She turned to face him, and nearly tripped over Spot for the second time that day. She looked down to make sure the cat was okay, wondering just what exactly was going on in her little feline brain. She received an irritated twitch of a black tail for her effort as the cat scampered off into the station.
Jolie flicked her gaze back to Dusty. His expectant expression tightened the vise around her heart. For a second she’d forgotten where they were, where she was, thinking he’d be on her heels, rushing for the nearest engine right along with her.
But he wasn’t. And probably never would be again.

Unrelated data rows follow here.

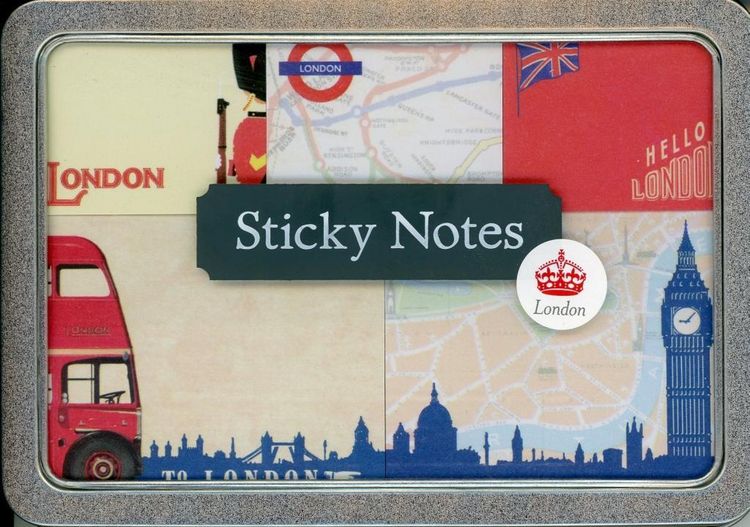 Produktbild: London Sticky Notes
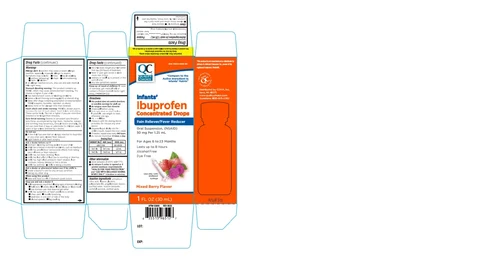 Concentrated ibuprofen infants 포장
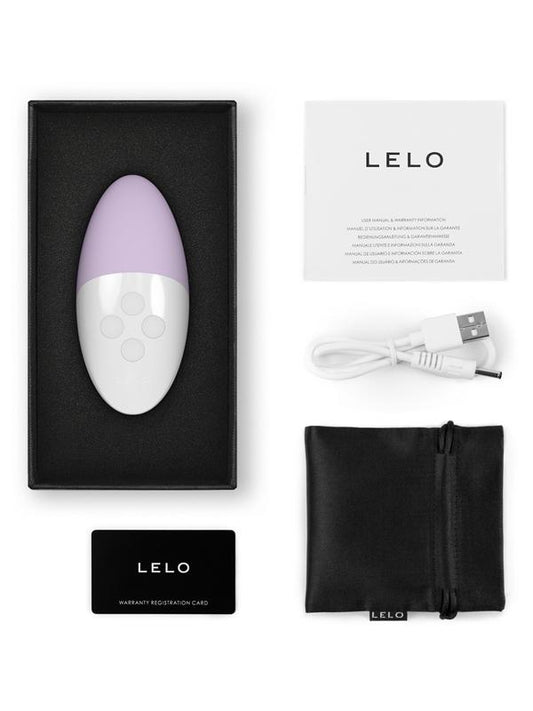 Siri 3 SoundSense Clitoral Vibrator Calm Lavender Lelo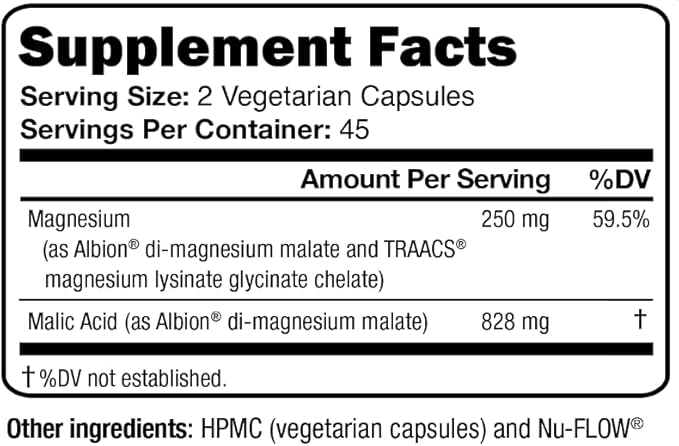 Chelated Magnesium Capsules - Supports Nerve and Muscle Function - 90 Capsules - by Suzy Cohen RPh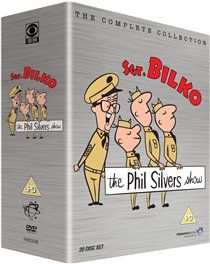 Sgt. bilko - the phil silvers show - complete collection (20 disc set) [dvd]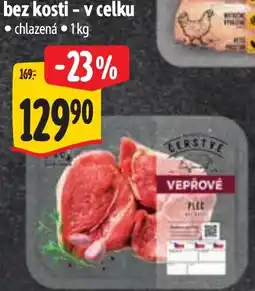 Albert Cerstve veprove plec nabídka
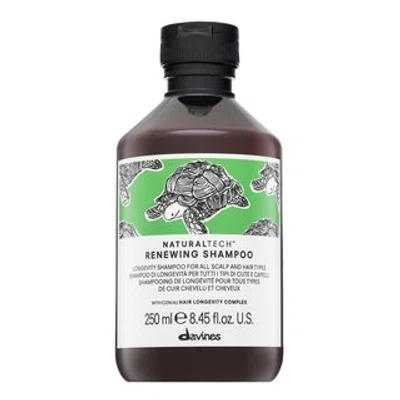 Davines Natural Tech Renewing Shampoo vyživující šampon pro zralé vlasy 250 ml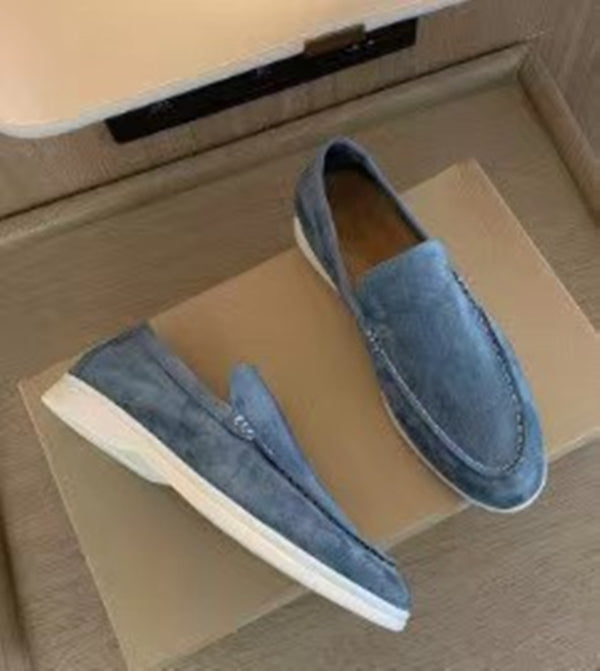 Luca Cortese | Heren Sneakers in Effen Kleur – Casual Luxe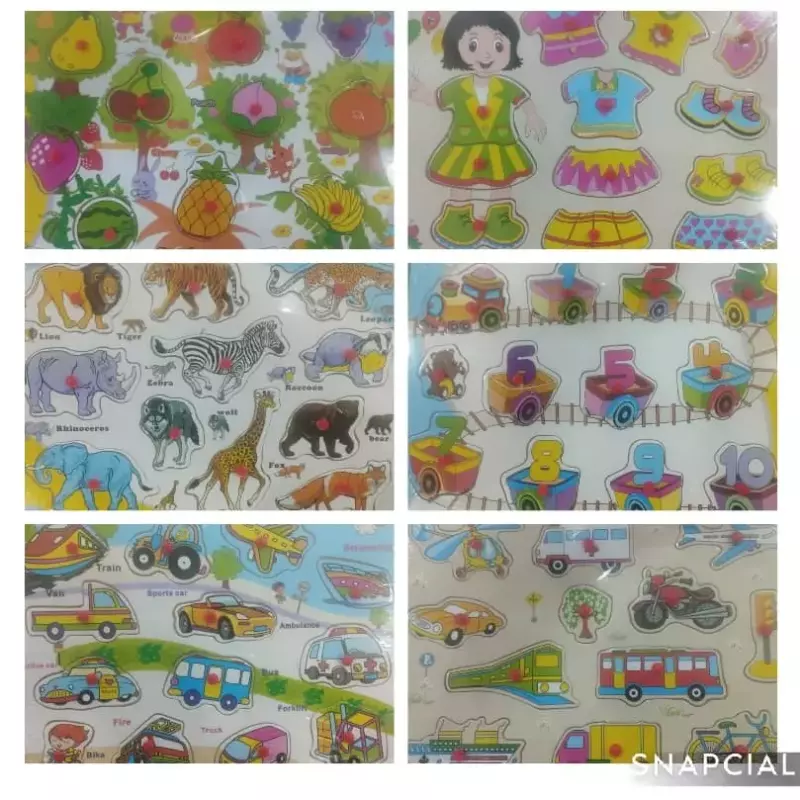 Juegos didacticos varios ensartes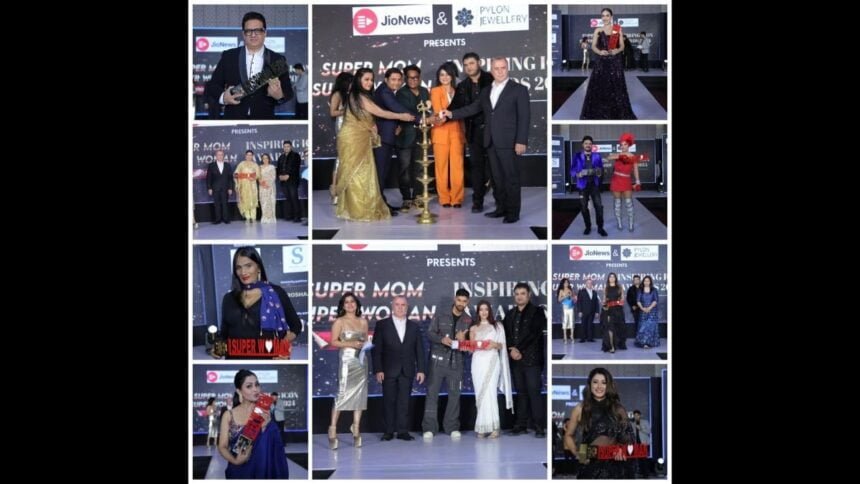 Eventz Factory Successfully Organised Super Mom Super Woman Awards And Inspiring Icon Awards 2024 In Mumbai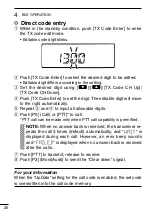 Предварительный просмотр 32 страницы Icom VHF IC-F50 Insrtuction Manual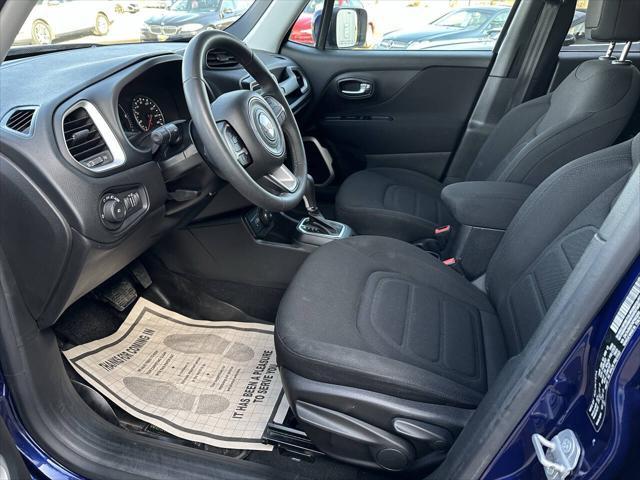 used 2019 Jeep Renegade car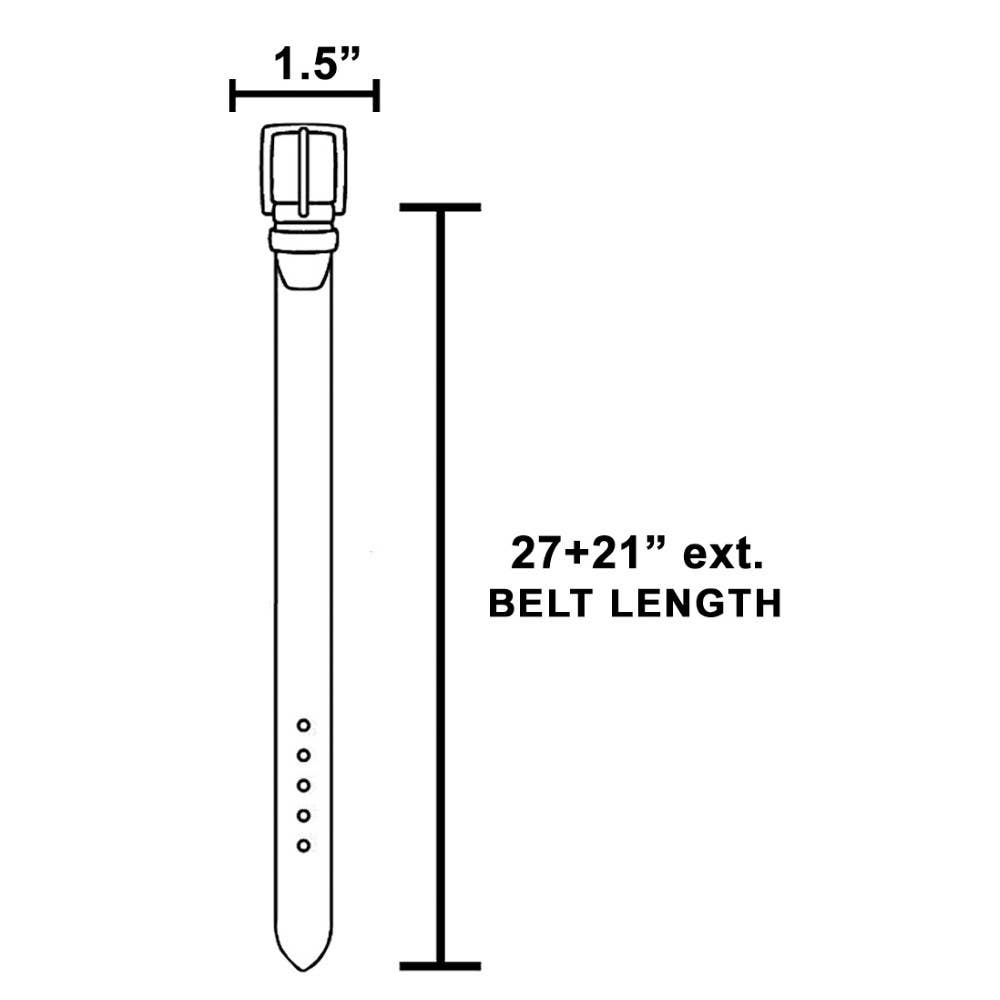 Silver Mesa Chain Belt
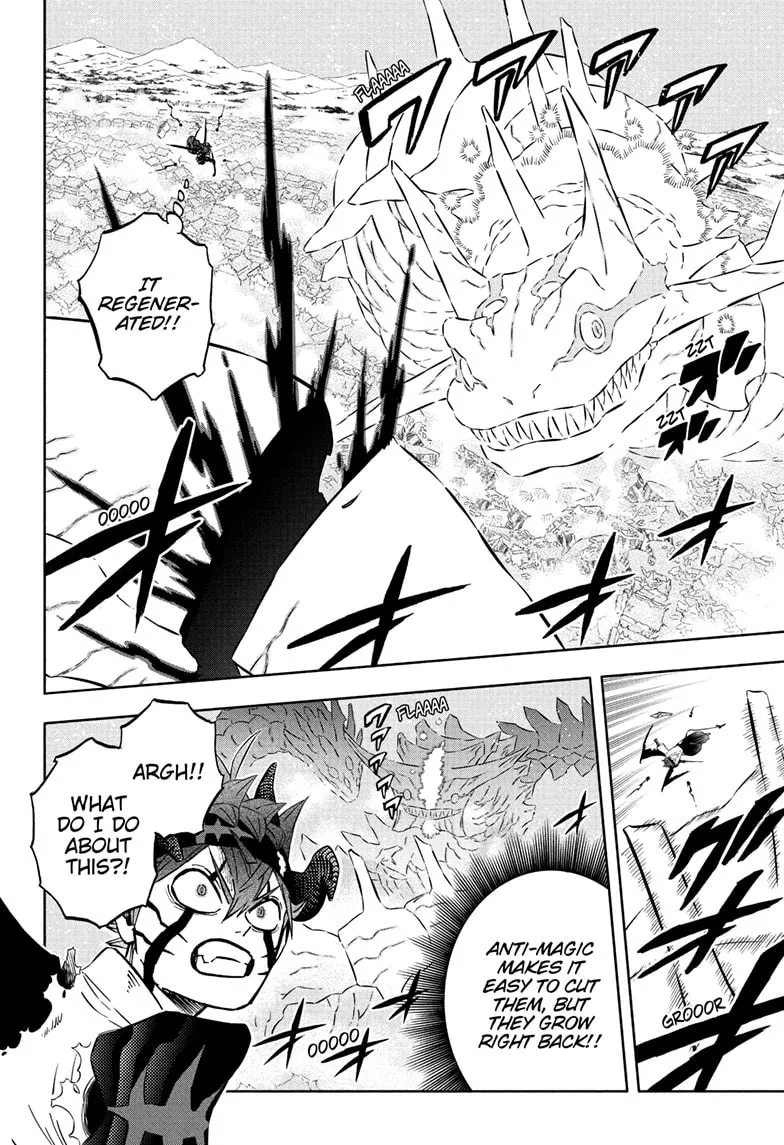 Read Black Clover chapter 351 image 3 on Lezhin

She dug her fingers into her front jeans pocket. “Here,” she said, tossing him her house keys. “Stay at the house. I’ll see you at eight tomorrow morning.”
Chapter 2
Jolie gazed wistfully at the autumn sun hovering on the horizon. She wished the weak rays could chase away the cold that seemed to chill the marrow of her bones. It had been an especially grueling twenty-four-hour shift. Only she wasn’t convinced her work schedule was the cause of her reluctance to walk the six blocks home. No, she knew it wasn’t. The dragging of her feet had more to do with the man who was waiting at the end of her walk. Her husband. The man who had walked out on her and their marriage without a second glance. A man who had returned. For whatever reasons.
Jolie felt…well, strange, was the best way she could describe it. For so long now, she had grown accustomed to being on her own. Living a compartmentalized existence. At work she was still part of a team, a family, really, where there was little time to ponder her marriage, her life, and what, if anything, she could do to change either.
When she attended town events, or went shopping, she was the same person she’d always been. Or so she tried to convince everyone. And, just being around others made her feel that maybe in some ways she was.
It wasn’t until she went home after her regular twenty-four-hour shift, then spent the next two days there waiting for her next shift, or returned from grocery shopping or lunch with her best friend and sister-in-law, Darby, that she became aware all over again of the void that was her life. A void that had gaped open the instant Dusty had told her he couldn’t live with her anymore.
Petition for Divorce.
Shivering, Jolie worked her hand through a too-long denim coat sleeve, then tucked her hair behind her ear.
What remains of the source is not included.